Hi All, I wanted to let you know that the information you're seeing in your Google accounts we are aware of and are working with Google on fixing. It's actually an issue on the Google side that is being dealt with ASAP. As soon as we have some more information we'll let you know here.


----------



## Johnwashere

Liam Bresnahan said:


> Hi All, I wanted to let you know that the information you're seeing in your Google accounts we are aware of and are working with Google on fixing. It's actually an issue on the Google side that is being dealt with ASAP. As soon as we have some more information we'll let you know here.


Thanks for the update. Does this mean my Google Nest theromstat and smoke detectors will restore to my account ?
Also will my google home (smart home ) groups come back ? Really concerned this got access to so much of my smart home setup. I don't understand the point of it and why it removed so much...


----------



## Liam Bresnahan

Without looking into your specific account and seeing what removed those items I don't think I can comment on what happens to those, sorry. As I understand this was an issue with how Google handles the casting capabilities of the device, as such I don't believe there should have been any access/removal of items in your account. However I will check into this for you.


----------



## Johnwashere

Liam Bresnahan said:


> Without looking into your specific account and seeing what removed those items I don't think I can comment on what happens to those, sorry. As I understand this was an issue with how Google handles the casting capabilities of the device, as such I don't believe there should have been any access/removal of items in your account. However I will check into this for you.

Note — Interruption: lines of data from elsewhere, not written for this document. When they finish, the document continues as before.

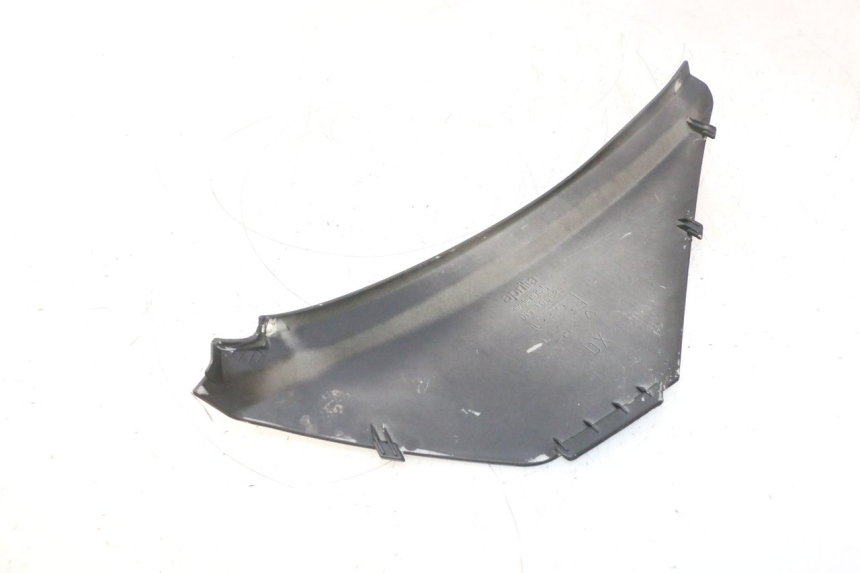 photo de UNTER SITZ VERKLEIDUNG RECHTS APRILIA ATLANTIC S 125 (2010 - 2013) - Alternative Perspektive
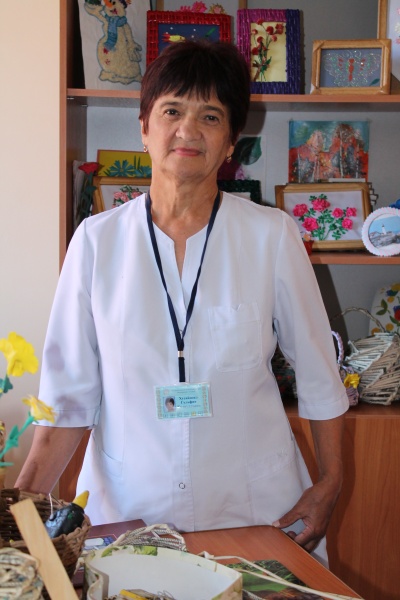 Помогать словом и делом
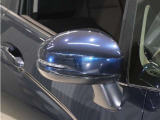 ◆ドアミラーウインカー◆ドアミラーにウインカーを装備しています。対向車に自身の進行方向を合図し安全に運転できます。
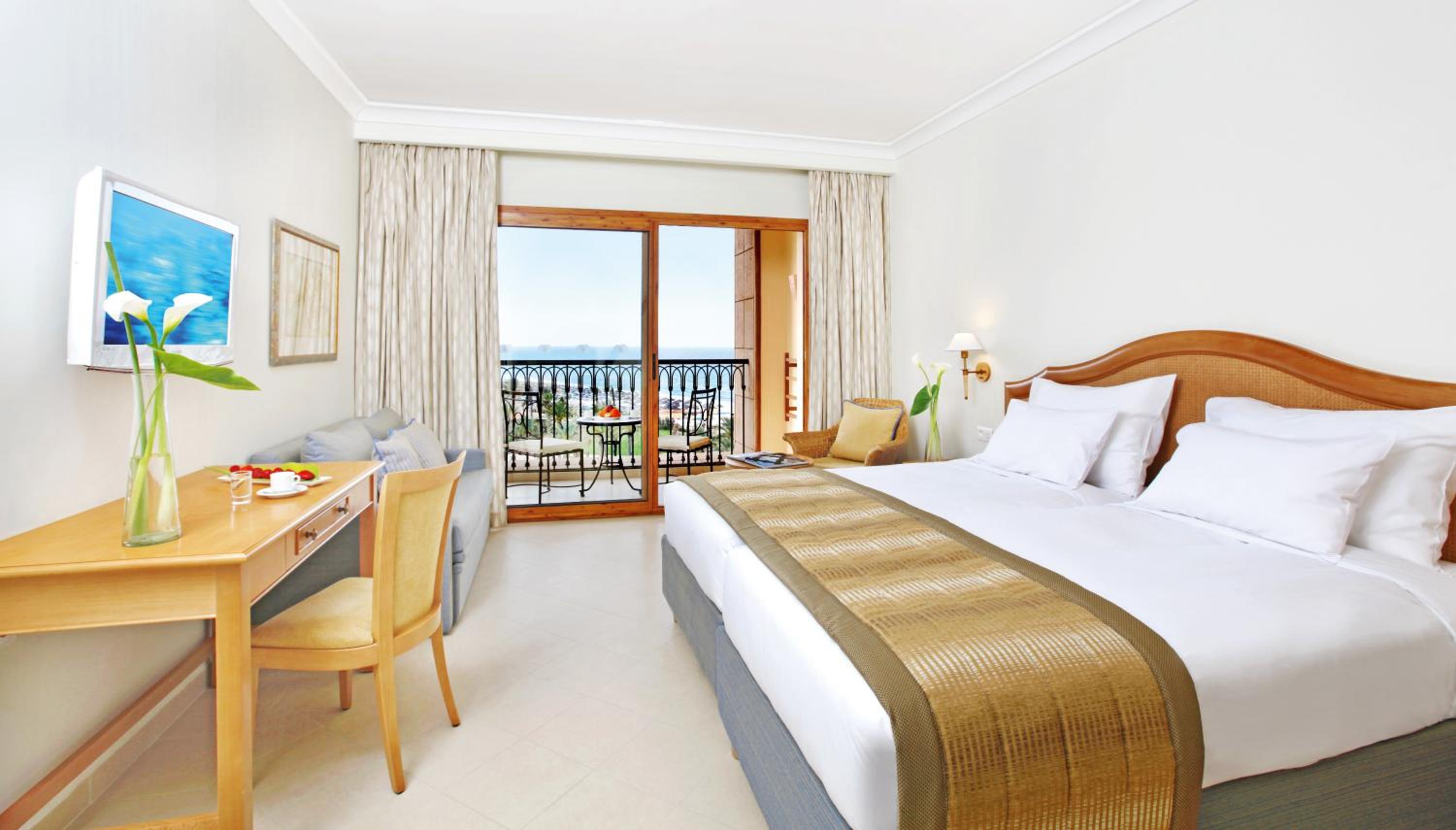 Classic King Room with Partial Sea View - Photo 1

Thanks. I just Direct Messaged you.


----------



## foghorn2

The Tivo China Stick , we got 4k +

:mask:


----------



## mschnebly

Aren't all Tivos made in China?


----------



## foghorn2

No , some/lots in Mexico, with lots eating Goya products.


----------



## mschnebly

foghorn2 said:


> No , some/lots in Mexico, with lots eating Goya products.


Mmmmm Goya!


----------



## Gunnyman

None of my other cast devices have full access to my account. My entire home got deleted too.


----------



## Gunnyman

I've had to factory rest my Nest home hub and my nest wifi. The stream 4K is going in the trash after I hit it with a hammer.


----------



## Johnwashere

Gunnyman said:


> I've had to factory rest my Nest home hub and my nest wifi. The stream 4K is going in the trash after I hit it with a hammer.


I unplugged my tivo stream as well.Maybe it would make me feel better to smash it  Luckily my Nest wifi seems to be ok (so far) but not my nest home smart groups, my Nest Thermostat , smoke detectors and some of my account links. I opened a ticket with Google to try to get more answers about this.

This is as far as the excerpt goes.